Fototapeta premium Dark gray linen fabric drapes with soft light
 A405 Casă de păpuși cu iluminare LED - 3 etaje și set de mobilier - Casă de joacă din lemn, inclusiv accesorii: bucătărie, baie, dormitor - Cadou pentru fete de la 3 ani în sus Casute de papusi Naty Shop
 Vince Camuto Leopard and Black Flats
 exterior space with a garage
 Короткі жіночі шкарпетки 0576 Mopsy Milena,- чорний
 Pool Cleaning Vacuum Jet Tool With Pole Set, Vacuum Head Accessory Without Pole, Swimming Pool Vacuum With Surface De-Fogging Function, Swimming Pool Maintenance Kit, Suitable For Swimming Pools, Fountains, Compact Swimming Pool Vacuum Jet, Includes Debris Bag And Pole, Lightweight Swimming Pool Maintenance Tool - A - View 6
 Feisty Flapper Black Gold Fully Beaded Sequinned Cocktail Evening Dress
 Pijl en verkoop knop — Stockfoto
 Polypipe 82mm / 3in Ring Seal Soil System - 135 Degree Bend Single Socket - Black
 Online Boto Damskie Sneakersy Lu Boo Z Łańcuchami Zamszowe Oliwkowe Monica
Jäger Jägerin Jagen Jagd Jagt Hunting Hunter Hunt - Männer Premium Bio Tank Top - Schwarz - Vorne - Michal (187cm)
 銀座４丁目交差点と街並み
================
◆ Problem requirements ◆
Please transcribe the data exactly from its first line. End with the line that contains "Online Boto Damskie".

◆ The completed task ◆
Fototapeta premium Dark gray linen fabric drapes with soft light
 A405 Casă de păpuși cu iluminare LED - 3 etaje și set de mobilier - Casă de joacă din lemn, inclusiv accesorii: bucătărie, baie, dormitor - Cadou pentru fete de la 3 ani în sus Casute de papusi Naty Shop
 Vince Camuto Leopard and Black Flats
 exterior space with a garage
 Короткі жіночі шкарпетки 0576 Mopsy Milena,- чорний
 Pool Cleaning Vacuum Jet Tool With Pole Set, Vacuum Head Accessory Without Pole, Swimming Pool Vacuum With Surface De-Fogging Function, Swimming Pool Maintenance Kit, Suitable For Swimming Pools, Fountains, Compact Swimming Pool Vacuum Jet, Includes Debris Bag And Pole, Lightweight Swimming Pool Maintenance Tool - A - View 6
 Feisty Flapper Black Gold Fully Beaded Sequinned Cocktail Evening Dress
 Pijl en verkoop knop — Stockfoto
 Polypipe 82mm / 3in Ring Seal Soil System - 135 Degree Bend Single Socket - Black
 Online Boto Damskie Sneakersy Lu Boo Z Łańcuchami Zamszowe Oliwkowe Monica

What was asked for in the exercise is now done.